More speech

Matthew Hoy
By Matthew Hoy on January 23, 2010

Earlier this week, the Supreme Court ruled 5-4 that when the First Amendment says “Congress shall make no law … abridging the freedom of speech” that it actually meant that. At issue was a movie made by Citizens United – a corporation – that attacked Democratic Presidential candidate Hillary Clinton. Because Citizens United is a corporation (even though one formed for political reasons) it was barred from advertising the film that was slated to run on video-on-demand.

The court finally started to get this stuff right. For years, politicians in the name of anti-corruption (but really pro-incumbency) has placed restrictions on what is supposed to be the most free of speech – political speech. It was getting to the absurd point that nude dancing enjoyed more protection than a group of citizens banding together to speak out on issues of the day.

But many on the left, including the President (the big lying hypocrite who piously defends campaign finance reform even though he became the first presidential candidate post-Watergate to refuse to accept the public limits on campaign expenditures), decried the decision as the “end of democracy.”

Driving home from work the day the decision was handed down I could only listen to about 10 seconds of the local talk radio program because the first caller whined that “our democracy had just been destroyed.” (Yes, the radio station he was saying this on is corporately owned.)

The ever-predictable New York Times – interested in maintaining the media monopoly on free speech – decried the ruling.

As a result of Thursday’s ruling, corporations have been unleashed from the longstanding ban against their spending directly on political campaigns and will be free to spend as much money as they want to elect and defeat candidates. If a member of Congress tries to stand up to a wealthy special interest, its lobbyists can credibly threaten: We’ll spend whatever it takes to defeat you.

Yeah, too bad the New York Times (a corporation) will now have some competition when it comes to running thinly sourced stories alleging affairs on the part of disfavored candidates. Blowhard Keith Olbermann went ape over the decision on MSNBC – also a corporation.

I found one complaint, recounted by National Review’s Ramesh Ponnuru over at his Washington Post forum to be particularly hilarious.

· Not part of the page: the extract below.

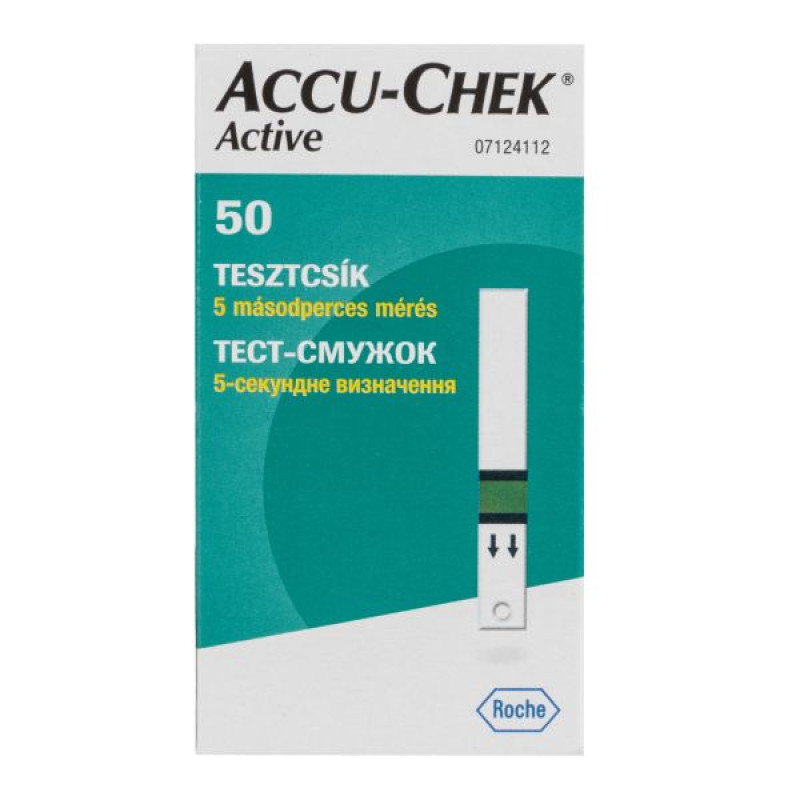 Test strips Akku-Chek Active No. 50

The Court has blocked the public, acting through the legislature, from addressing the unequal political power different people have.

Yeah, Congress was doing such a good job at equalizing the power between this blog and MSNBC.

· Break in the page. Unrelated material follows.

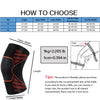 1 PC Elastic Knee Pads Sports Gym Fitness Gear Nylon  Kneepad Brace Running Basketball Protector Volleyball Support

Since when did “equalizing” political power become Congress’ job?

The fact is that the campaign finance restrictions vis a vis corporations had just the opposite effect. A wealthy individual could spend all the money he wanted running ads, producing a movie, promoting a book without the “anti-corruption” campaign finance laws touching him. The “little people” who would have to band together – as a corporation, perhaps – to accumulate a similar amount of money were barred from doing so.

The answer to the possibility of “bad” political talk is not to ban the bad, it’s to free the good. The answer is always more speech, never less.

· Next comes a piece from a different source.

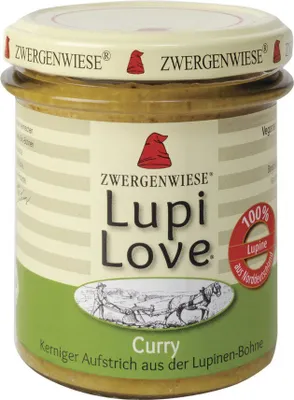 Produktbild von Zwergenwiese LupiLove Curry -- 165g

For a good analysis of the ruling, check out Ilya Somin’s post over at the Volokh Conspiracy.

***An Addendum***

By a vote of 8-1, the court upheld the disclosure requirements of the law with Justice Clarence Thomas the lone dissenter. A year ago, I would’ve enthusiastically sided with the majority. Today, I find myself in Thomas’s corner.

Knowing the identity of the speaker can act as an intellectual short-cut to determining how much weight to give a particular argument or position. Generally, if Chris Matthews is for it, I’m probably going to be against it. For that reason, the disclosure requirements are a good idea.

But the First Amendment doesn’t say: “Congress shall require those exercising their freedom of speech to identify themselves.” “The Federalist Papers” were first published anonymously – the Founders had no animus towards keeping one’s identity hidden.

Much more recently, the way that many militant gays here in California have behaved in the wake of the passage of Prop. 8 (which defined marriage as one man, one woman) makes a strong case for Thomas’s position.